A-29 Super Tucano

This Colombian air force A-29 Super Tucano was part of combat-rescue training at Davis-Monthan in 2014.

The government has denied any wrongdoing in its initial answer to a lawsuit alleging the Air Force illegally approved expansion of training for visiting aircraft at Davis-Monthan Air Force Base.

Three Tucson residents filed a federal lawsuit in January, alleging the Air Force failed to follow federal law and Pentagon policy in finding that the expansion of the Total Force Training program would have no significant impact on the community.

The plaintiffs, represented by the Arizona Center for Law in the Public Interest, want the court to rule the expansion plan illegal and order the Air Force to conduct a more complex analysis and an environmental impact statement.

In its answer in the U.S. District Court in Tucson, the government denied any violations of the National Environmental Policy Act or any other law, and said the plaintiffs aren’t entitled to any relief.
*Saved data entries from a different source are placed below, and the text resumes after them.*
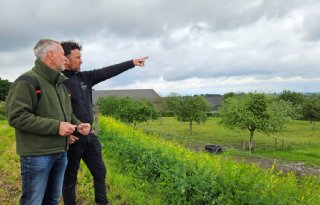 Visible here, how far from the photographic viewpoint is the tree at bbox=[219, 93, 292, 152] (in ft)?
117

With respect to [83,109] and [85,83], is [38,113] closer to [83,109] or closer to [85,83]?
[83,109]

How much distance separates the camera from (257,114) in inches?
1438

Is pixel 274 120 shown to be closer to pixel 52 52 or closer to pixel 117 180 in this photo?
pixel 117 180

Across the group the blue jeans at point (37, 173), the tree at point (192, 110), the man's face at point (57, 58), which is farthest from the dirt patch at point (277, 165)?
the tree at point (192, 110)

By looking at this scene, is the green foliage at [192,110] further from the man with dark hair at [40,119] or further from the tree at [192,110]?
the man with dark hair at [40,119]

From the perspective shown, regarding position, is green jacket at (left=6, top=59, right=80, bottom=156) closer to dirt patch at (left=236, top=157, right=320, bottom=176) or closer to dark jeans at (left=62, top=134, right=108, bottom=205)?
dark jeans at (left=62, top=134, right=108, bottom=205)

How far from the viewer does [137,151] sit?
7.44 meters

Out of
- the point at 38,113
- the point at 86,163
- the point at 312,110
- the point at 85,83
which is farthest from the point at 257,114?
the point at 38,113

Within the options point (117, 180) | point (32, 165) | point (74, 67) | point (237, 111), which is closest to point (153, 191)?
point (117, 180)

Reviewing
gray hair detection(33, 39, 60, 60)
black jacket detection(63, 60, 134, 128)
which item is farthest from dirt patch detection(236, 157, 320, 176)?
gray hair detection(33, 39, 60, 60)

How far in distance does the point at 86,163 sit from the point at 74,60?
54.4 inches

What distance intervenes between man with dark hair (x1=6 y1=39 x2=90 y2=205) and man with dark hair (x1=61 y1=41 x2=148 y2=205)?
0.82 metres

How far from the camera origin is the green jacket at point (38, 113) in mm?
3225

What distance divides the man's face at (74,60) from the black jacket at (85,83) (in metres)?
0.07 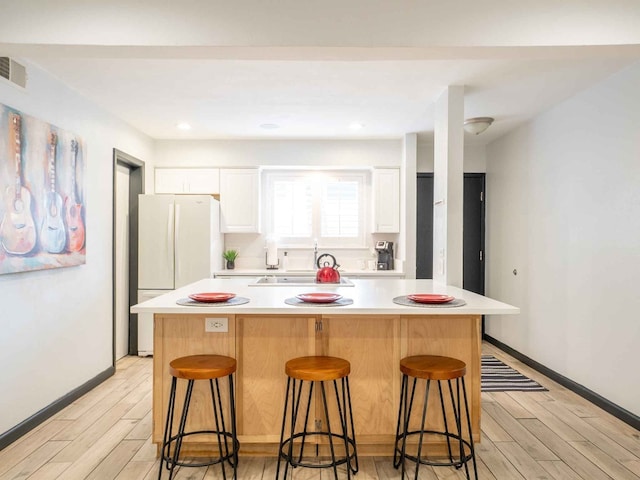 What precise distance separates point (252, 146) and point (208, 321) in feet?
10.8

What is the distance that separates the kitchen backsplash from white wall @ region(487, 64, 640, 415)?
1.59m

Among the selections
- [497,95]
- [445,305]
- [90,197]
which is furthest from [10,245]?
[497,95]

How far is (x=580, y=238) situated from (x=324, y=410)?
8.37 ft

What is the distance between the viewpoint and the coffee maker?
5525 mm

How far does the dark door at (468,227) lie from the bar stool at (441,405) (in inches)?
130

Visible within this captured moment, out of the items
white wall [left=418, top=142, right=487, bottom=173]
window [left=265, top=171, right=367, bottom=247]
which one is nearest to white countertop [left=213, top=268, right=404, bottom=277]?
window [left=265, top=171, right=367, bottom=247]

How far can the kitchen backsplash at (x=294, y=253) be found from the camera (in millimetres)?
5789

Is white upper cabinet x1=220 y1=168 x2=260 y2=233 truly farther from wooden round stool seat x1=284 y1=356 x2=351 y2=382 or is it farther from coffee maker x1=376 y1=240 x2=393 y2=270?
wooden round stool seat x1=284 y1=356 x2=351 y2=382

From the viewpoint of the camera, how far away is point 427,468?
257 centimetres

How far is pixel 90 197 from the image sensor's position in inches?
156

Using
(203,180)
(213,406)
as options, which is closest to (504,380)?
(213,406)

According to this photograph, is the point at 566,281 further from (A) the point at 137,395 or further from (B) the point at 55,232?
(B) the point at 55,232

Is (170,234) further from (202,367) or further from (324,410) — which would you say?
(324,410)

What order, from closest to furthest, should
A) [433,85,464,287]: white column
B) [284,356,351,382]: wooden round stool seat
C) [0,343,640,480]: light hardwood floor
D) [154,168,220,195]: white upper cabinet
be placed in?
[284,356,351,382]: wooden round stool seat, [0,343,640,480]: light hardwood floor, [433,85,464,287]: white column, [154,168,220,195]: white upper cabinet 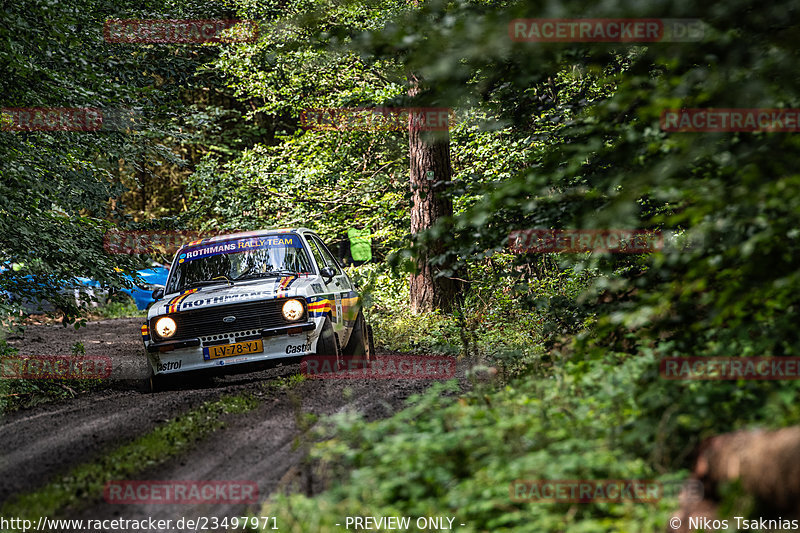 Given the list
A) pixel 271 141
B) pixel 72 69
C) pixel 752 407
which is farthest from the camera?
pixel 271 141

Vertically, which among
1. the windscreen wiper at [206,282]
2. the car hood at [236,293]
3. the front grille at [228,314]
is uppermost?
the windscreen wiper at [206,282]

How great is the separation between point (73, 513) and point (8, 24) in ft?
19.0

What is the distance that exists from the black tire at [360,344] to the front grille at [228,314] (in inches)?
54.0

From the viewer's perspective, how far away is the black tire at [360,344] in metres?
9.79

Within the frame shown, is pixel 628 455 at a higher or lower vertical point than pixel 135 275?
lower

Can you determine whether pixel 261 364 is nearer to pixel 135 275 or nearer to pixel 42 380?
pixel 135 275

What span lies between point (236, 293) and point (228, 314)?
31cm

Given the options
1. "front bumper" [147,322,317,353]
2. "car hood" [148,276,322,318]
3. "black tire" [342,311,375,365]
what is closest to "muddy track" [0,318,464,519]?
"front bumper" [147,322,317,353]

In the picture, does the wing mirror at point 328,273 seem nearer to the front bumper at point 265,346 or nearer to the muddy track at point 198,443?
the front bumper at point 265,346

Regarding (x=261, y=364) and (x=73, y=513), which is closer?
(x=73, y=513)

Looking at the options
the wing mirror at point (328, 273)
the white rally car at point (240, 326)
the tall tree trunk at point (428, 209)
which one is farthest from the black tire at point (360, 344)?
the tall tree trunk at point (428, 209)

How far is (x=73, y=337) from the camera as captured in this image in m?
16.8

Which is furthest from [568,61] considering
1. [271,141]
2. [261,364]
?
[271,141]

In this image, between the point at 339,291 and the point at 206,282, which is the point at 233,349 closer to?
the point at 206,282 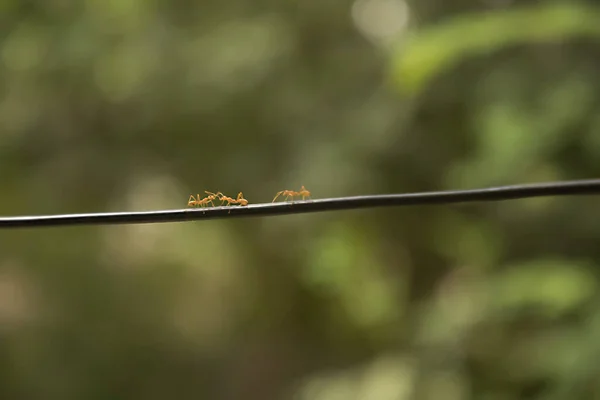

No hearings have been set in the case.

The plaintiffs allege they have suffered physical and emotional injuries and loss of home values from military jet overflights, that the Air Force failed to adequately study noise and health effects of increased overflights, and that lower-income residents were not properly informed of the expansion plans.

The plan approved by the Air Force in April 2015 would allow training sorties to increase up to 65 percent from a 2009 baseline, to 2,326 annually, with some aircraft that are louder than those regularly flown from D-M. One sortie is a flight operation by a single plane, from takeoff to final landing.

D-M officials have noted that even if the base reached the new cap on sorties, they would constitute about 6 percent of D-M’s overall flight operations.